Foto: @g24noticias

 

Si un rayo cae en el bosque y no hay nadie para oirlo, ¿hace algún ruído? En Baltar no conocen su sonido, pero sí sus consecuencias, pues de ello puee dar cuenta David Pérez Rego, ganadero de la localidad ourensana que perdió cuatro vacas esta semana después de que la caída de un relámpago en el prado donde pastaban los animales fulminase a sus reses.

 

PUDO SER PEOR

La particularidad de este sucesos es que las cuatro vacas, que aparentemente bucaron refugio al pie de un árbol durante una breve tormenta, estaban preñadas, lo que multiplica sensiblemente las pérdidas del propietario, que tiene una producción con más de 150 animales. 

 

El rayo que se llevó a sus vacas no lo pilló a él de casualidad, ya que en el momento de la tormenta no se encontraba en el lugar donde había dejado a los animales pastando.
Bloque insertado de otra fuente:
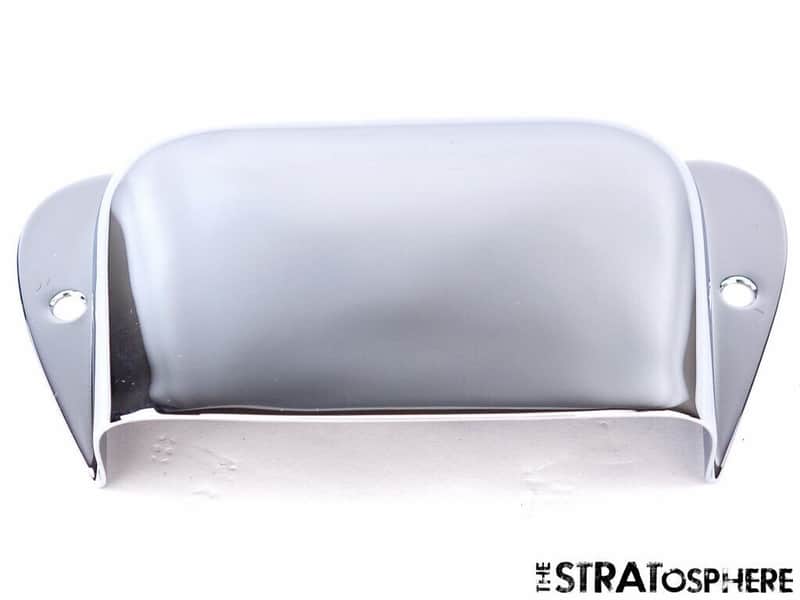 Fender American Original 60s Precision P Bass Chrome ASH TRAY BRIDGE COVER USA image 1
Fue un vecino el que dio la voz de alarma y comunicó lo sucedido a Pérez Rego, que en los diez años que lleva al frente de la explotación de vacuno en extensivo nunca le había pasado nada parecido. 

 

Según las cuentas del ganadero, cada animal debería estar valorado en unos 5.000 euros, pero no cree que vaya a conseguir los 20.000 euros en los que se deberían peritar las reseses embarazadas. El mal pudo ser peor, pues en la zona había más de una veintena de vacas, que buscaron refugio en otro punto del prado.